Regulatory CD4+CD25+FOXP3+ T-cells can be Converted into Cytotoxic Effectors (40.36)

Abstract

Abstract Background: Binding of the human IgM antibody B7-DC XAb to B7-DC on dendritic cells (DC) has profound immune modulatory effects. It enhances antigen presentation by DC, repolarizes T-helper (Th) 2 to Th1 cell responses, rapidly generates cytotoxic effectors and reprograms regulatory T-cells (Treg) into non-suppressive, cytokine producing autoimmune effectors. We hypothesized that co-culture of B7-DC XAb treated DC (DCXAb) with Treg results in the rapid generation of cytotoxic effectors. Methods: Bone marrow derived DC from wild type C57BL6 mice (WT-B6) were treated for 24 hours with either B7-DC XAb or a control human IgM antibody in the presence of melanoma cell lysate (B16). Subsequently, DCXAb were co-cultured with Treg (CD4+CD25+FOXP3+), Non-Treg (CD4+, CD25-), cytotoxic CD8+ T-cells isolated from WT-B6 mice and Treg from CD8 knockout mice (CD8 -/-).
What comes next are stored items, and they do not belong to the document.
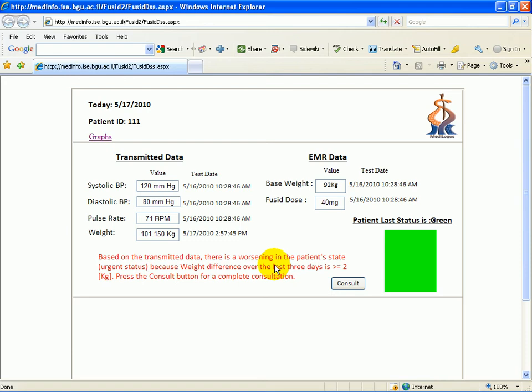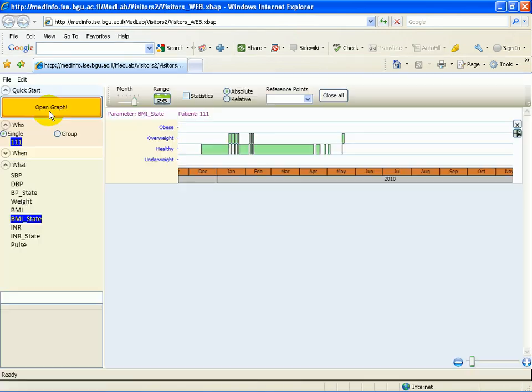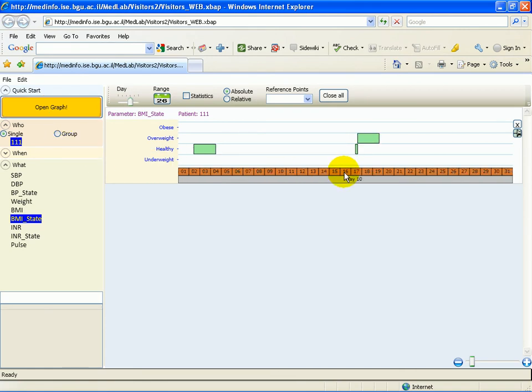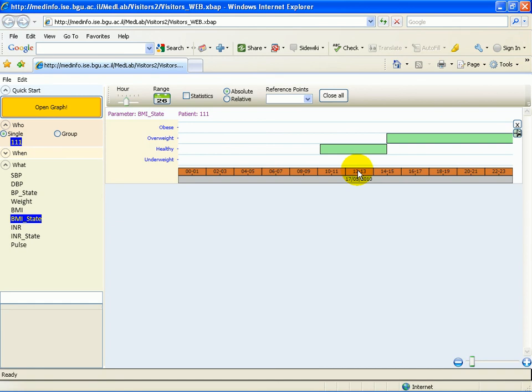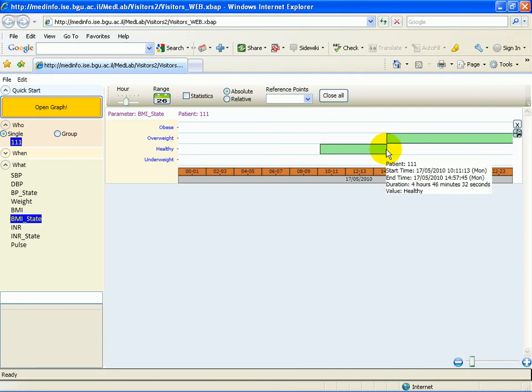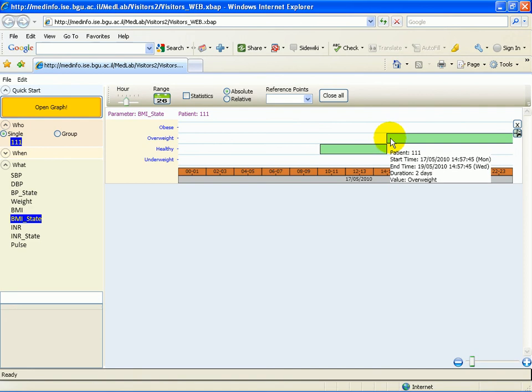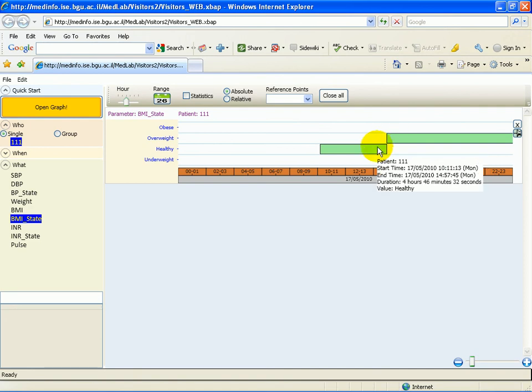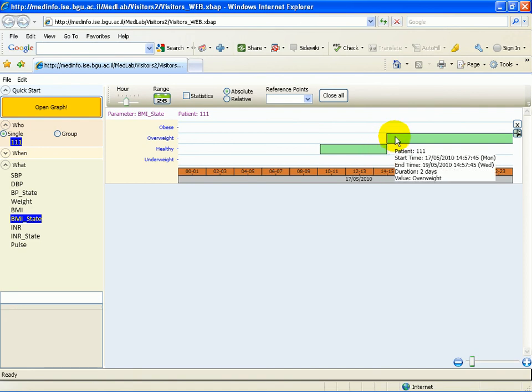We will now show you how this is shown inside the graphical system. As we can see by clicking on the relevant data, the information that has just been received clearly shows to the clinician that the state of the patient has been changed. The BMI state has moved the patient from the healthy state to the overweight state based on his new data. This will of course affect the guideline as we will now show you.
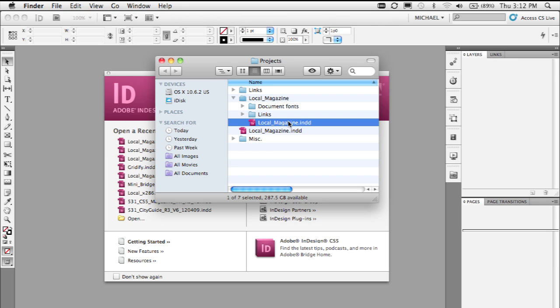Now we created this by doing the package command in InDesign. It's a command that's been there for quite some time. You package the InDesign document, all the graphics associated with that are used in that document, and you also always had the ability to package the fonts used in the document as well into a separate folder.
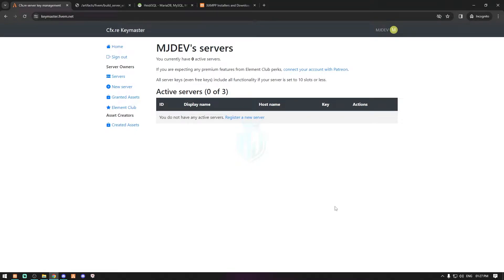Hey guys, welcome back to another video. From today we're gonna start our new FiveM series that we already announced in our Discord server. We're gonna start how we can create a server, then installing every single script and job one by one. Make sure to support me in this series. You will find this playlist on my YouTube channel so you can directly go there and watch every single video.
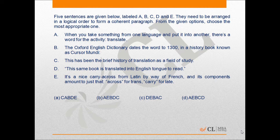So we need to look at the options that start with sentence A, i.e., options B and D.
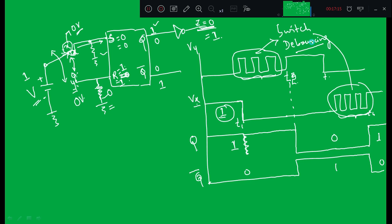Switch debouncing can be removed using the SR flip-flop in this way. In the next class we will see how to obtain the characteristic equations using different flip-flops. Thank you.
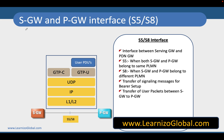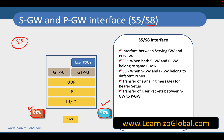Let's talk about another interesting interface called S5 and S8. S5/S8 is the interface between the SGW and PGW. S5 refers to the scenario when both the SGW and PGW belong to the same operator, the same PLMN — PLMN stands for Public Land Mobile Network. S8 is the scenario when the SGW and PGW belong to different PLMNs.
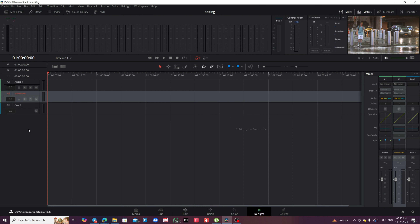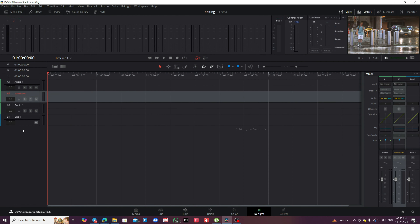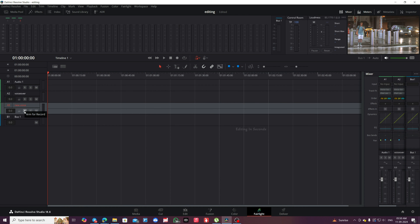Right-click on the audio area in the timeline and select Add Track, then choose Stereo. Click on the new track and then click the R button to enable recording. You're now set up to record audio directly into DaVinci Resolve.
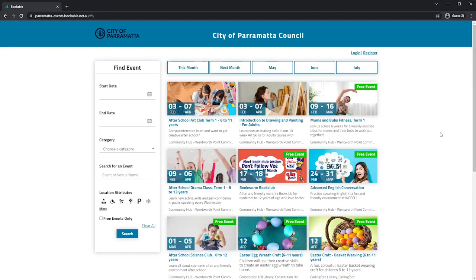In this video I'll be showing you our online booking system for events. Please make sure you register an account before you get started.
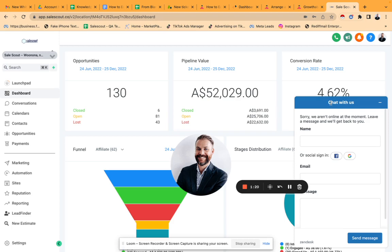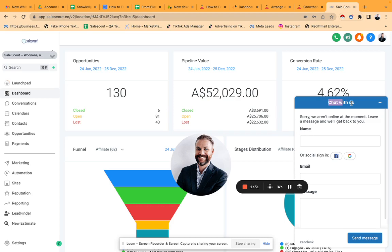This chat widget can be branded to your brand if you're a SAS agency and you're white labeling it. That is it. Get in touch if you want to know how to access this straight away. Thanks, bye!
After re-isolation these T-cells were used in cytotoxic T-lymphocyte (CTL) assays targeting B16 and Thymic lymphoma (EL4) tumor cells. Results: Treg isolated from either WT-B6 mice or CD8 -/- mice co-cultured with B16 lysate treated DCXAb but not control antibody treated DC transformed into cytotoxic effectors targeting B16 but not EL4 tumor cells. Their level of cytotoxicity was comparable to that of CD8+ cells co-cultured with DCXAb. In contrast Non-Treg co-cultured with DCXAb did not kill in similar CTL assays. Conclusion: Co-culture of Treg with antigen treated DCXAb rapidly generates antigen specific cytotoxic effectors.